Six components is the easy half of the sentence. The contracts between them are the job.
Draw the boxes for your own system this week. Then go name the seams, because the agent that survives production is not the one with the cleverest orchestrator. It is the one whose contracts were written down before the demo.
The contracts between components is the part people skip, and its why their demo dies in week two. Most tutorials show the six boxes but never the interfaces between them, so everyone builds the boxes and wires them with hope. Good to see the contracts get top billing here.
That was the whole reason I wrote it this way. The components are easy to name and hard to connect. If the planner and the orchestrator do not agree on what a finished step looks like, you do not have an architecture, you have six things in a trench coat.
Saving this, the diagram helped a lot. One bit i got stuck on, whats the actual difference between the planner and the orchestrator? In my head they sound like the same thing doing scheduling. Sorry if thats obvious.
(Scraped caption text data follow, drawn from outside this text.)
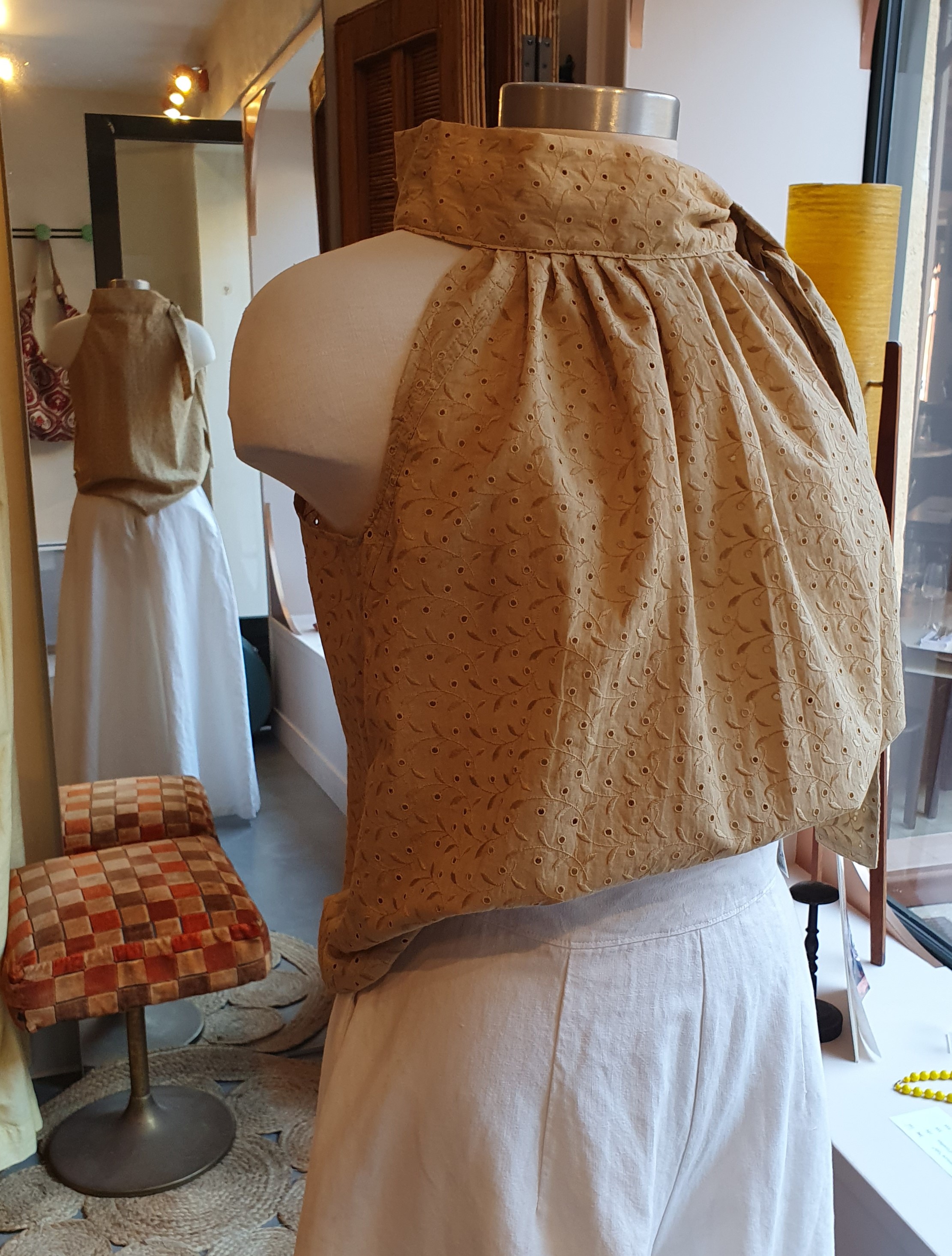 top lavallière dentelle anglaise beige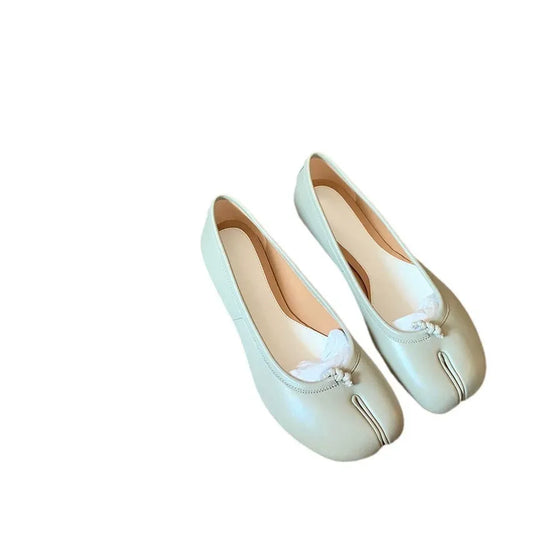 Split-Toe Leather Flat Shoes with Soft Sheepskin Insole and Shallow Design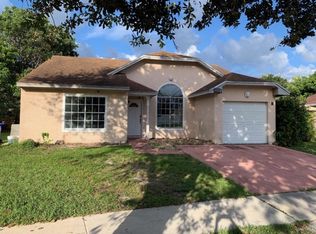 1251 SW 86th Ave, Pembroke Pines, FL 33025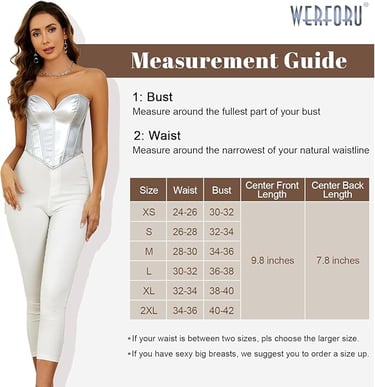 femme en pantalon blanc et corset blanc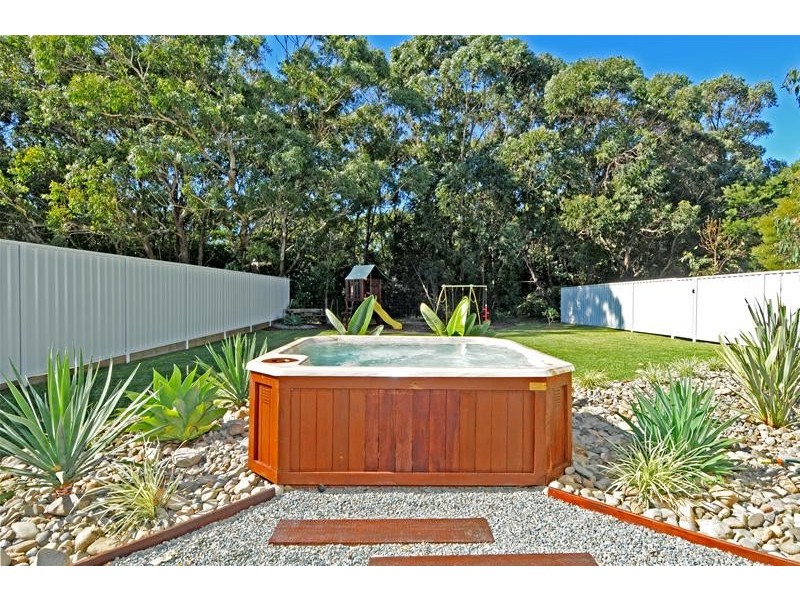 8 Beach Break Court, Bonny Hills NSW 2445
Not obvious at all, people ship them merged all the time. Planner decides what should happen and in what order. Orchestrator actually runs it, handles retries, failures, and state between steps. Planner is the strategy, orchestrator is the thing that survives a tool timing out at 2am. When you merge them you usually lose the recovery half.
Good piece. I will only push on the eval component: if it is not reproducible by someone outside your team, it is not really a component, it is a vibe check you run yourself. Pin the dataset and the seeds or it rots the moment you change models.